1. ## Integral involving lnx

I have an integral i cant seem to figure out how to do.

$\int \frac {2^\ln x} { x } dx$

would i use u - substition like:

$u = {2^\ln x}$
Then,

$du = {e^\ln 2x$

Do, i then assign K = ln2

Then,

$\frac {e^k^x}{k}$

Then fill back in for k?

2. ## Re: Integral involving lnx

Originally Posted by icelated
I have an integral i cant seem to figure out how to do.

$\int \frac {2^\ln x} { x } dx$

would i use u - substition like:

$u = {2^\ln x}$
Then,

$du = {e^\ln 2x$

Do, i then assign K = ln2

Then,

$\frac {e^k^x}{k}$

Then fill back in for k?

$\int 2^{\ln x} \cdot \frac{1}{x} \, dx$

let $u = \ln{x}$ ...

3. ## Re: Integral involving lnx

wolfram gives me an answer 2^lnx / lnx how did they get there?

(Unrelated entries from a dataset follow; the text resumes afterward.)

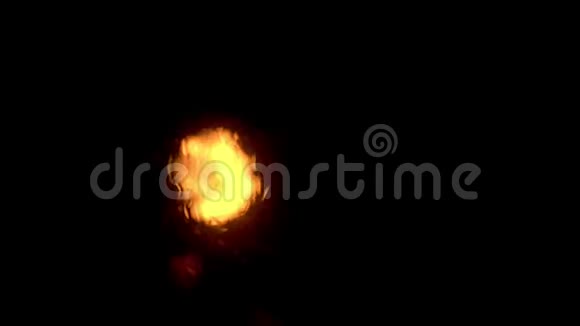 夜间对着照相机的火光视频的预览图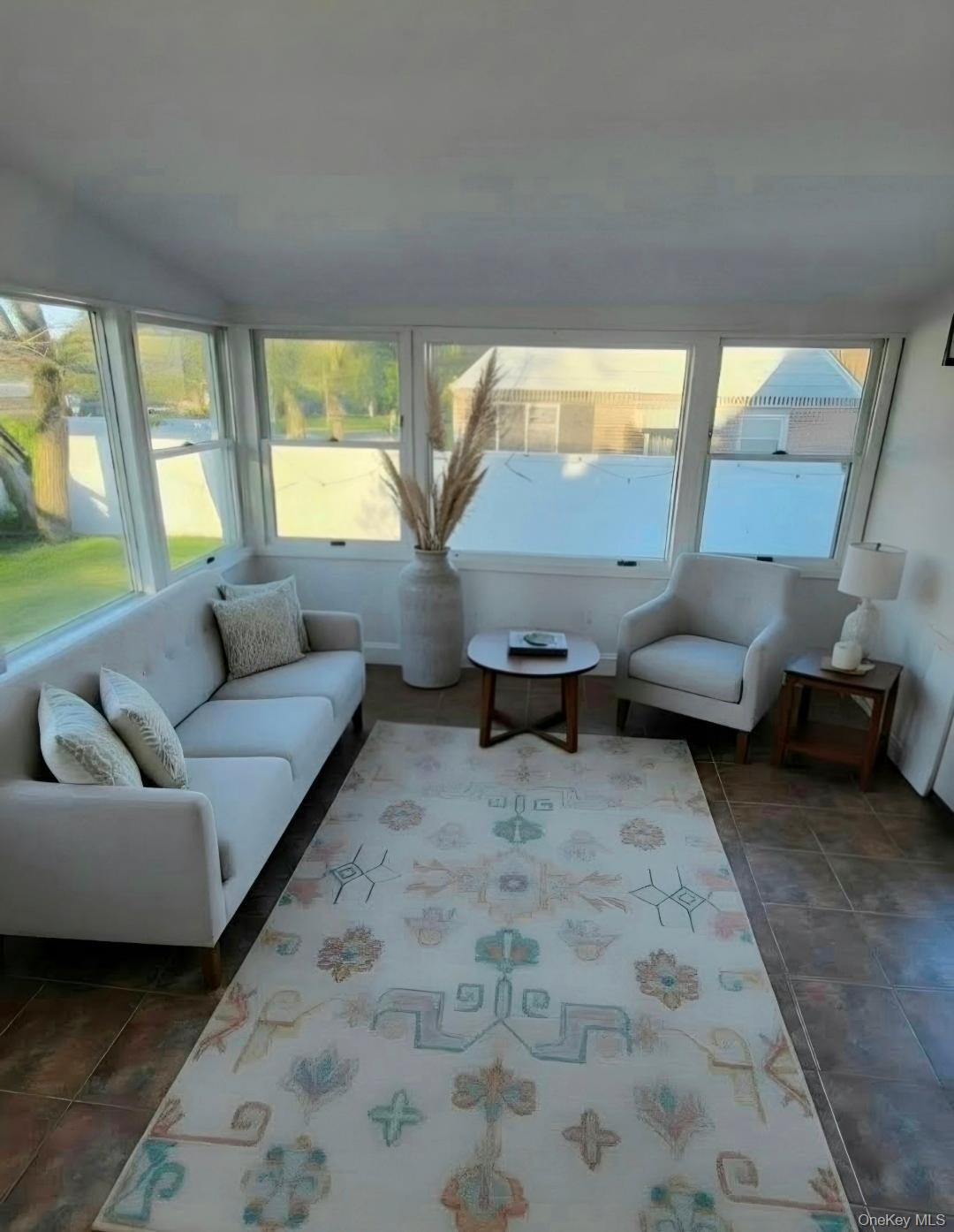 Single Family Paul  Nassau County, NY 11510, MLS-975102-41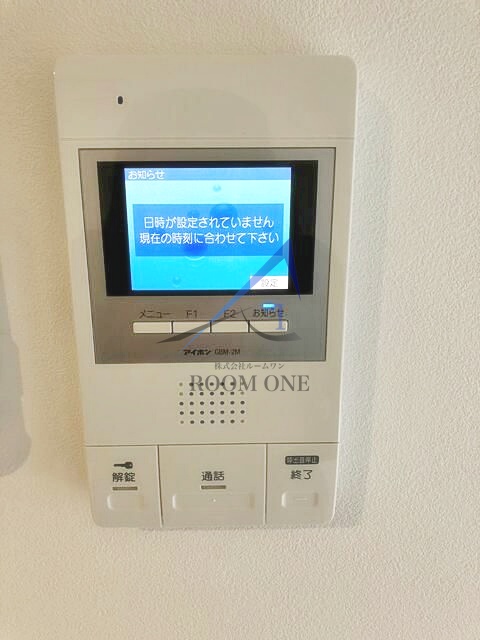 セキュリティ　モニター付きインターホンです。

4. ## Re: Integral involving lnx

Originally Posted by icelated
wolfram gives me an answer 2^lnx / lnx how did they get there?
Are you sure you read that correctly?
Could it be $\frac{2^{\ln(x)}}{\ln(2)}~?$

5. ## Re: Integral involving lnx

yes , sorry thats what i meant. =(

6. ## Re: Integral involving lnx

Originally Posted by icelated
yes , sorry thats what i meant.
Find the derivative of that to see how it works.

7. ## Re: Integral involving lnx

the dirivitive is 1/x dx would i need to solve for x?

8. ## Re: Integral involving lnx

I think i get it. Du = 1/x dx

So, i would have 2^u du ?
then, integrate

9. ## Re: Integral involving lnx

Originally Posted by icelated
I think i get it. Du = 1/x dx

So, i would have 2^u du ?
then, integrate
that's it